WHAT THE EXERCISE ASKS =>
Once the line with "Продаж 2 кім" is found in the entries below, print it and each following line exactly, stopping after the line with "Внедорожник / Кроссовер"; print nothing else.

################

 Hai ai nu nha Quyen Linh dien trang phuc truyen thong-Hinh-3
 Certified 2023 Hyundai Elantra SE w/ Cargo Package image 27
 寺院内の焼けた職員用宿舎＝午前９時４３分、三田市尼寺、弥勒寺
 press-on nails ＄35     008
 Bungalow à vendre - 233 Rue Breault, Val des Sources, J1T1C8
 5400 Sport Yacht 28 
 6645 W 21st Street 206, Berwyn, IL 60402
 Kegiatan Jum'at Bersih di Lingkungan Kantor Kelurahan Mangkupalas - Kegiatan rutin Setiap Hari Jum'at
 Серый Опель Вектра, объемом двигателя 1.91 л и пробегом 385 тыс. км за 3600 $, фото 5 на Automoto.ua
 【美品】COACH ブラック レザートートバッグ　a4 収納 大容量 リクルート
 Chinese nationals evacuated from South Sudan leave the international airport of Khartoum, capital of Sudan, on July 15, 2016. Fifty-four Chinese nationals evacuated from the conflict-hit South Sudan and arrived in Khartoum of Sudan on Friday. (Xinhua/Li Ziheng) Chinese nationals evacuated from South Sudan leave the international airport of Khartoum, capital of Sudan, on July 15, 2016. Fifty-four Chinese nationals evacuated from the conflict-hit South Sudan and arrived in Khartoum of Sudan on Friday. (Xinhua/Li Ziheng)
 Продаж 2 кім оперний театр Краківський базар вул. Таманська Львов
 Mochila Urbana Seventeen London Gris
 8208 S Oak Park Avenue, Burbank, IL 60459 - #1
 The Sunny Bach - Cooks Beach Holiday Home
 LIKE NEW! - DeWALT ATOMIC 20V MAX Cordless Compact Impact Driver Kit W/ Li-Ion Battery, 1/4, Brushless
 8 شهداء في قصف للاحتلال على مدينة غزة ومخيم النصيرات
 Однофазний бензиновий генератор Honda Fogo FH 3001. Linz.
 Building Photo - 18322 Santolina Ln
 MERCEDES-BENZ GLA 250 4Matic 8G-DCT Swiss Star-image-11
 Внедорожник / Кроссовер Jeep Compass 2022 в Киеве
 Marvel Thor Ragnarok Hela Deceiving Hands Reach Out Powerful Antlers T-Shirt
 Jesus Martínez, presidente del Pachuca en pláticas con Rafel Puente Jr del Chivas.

################

WRITTEN ANSWER =>
 Продаж 2 кім оперний театр Краківський базар вул. Таманська Львов
 Mochila Urbana Seventeen London Gris
 8208 S Oak Park Avenue, Burbank, IL 60459 - #1
 The Sunny Bach - Cooks Beach Holiday Home
 LIKE NEW! - DeWALT ATOMIC 20V MAX Cordless Compact Impact Driver Kit W/ Li-Ion Battery, 1/4, Brushless
 8 شهداء في قصف للاحتلال على مدينة غزة ومخيم النصيرات
 Однофазний бензиновий генератор Honda Fogo FH 3001. Linz.
 Building Photo - 18322 Santolina Ln
 MERCEDES-BENZ GLA 250 4Matic 8G-DCT Swiss Star-image-11
 Внедорожник / Кроссовер Jeep Compass 2022 в Киеве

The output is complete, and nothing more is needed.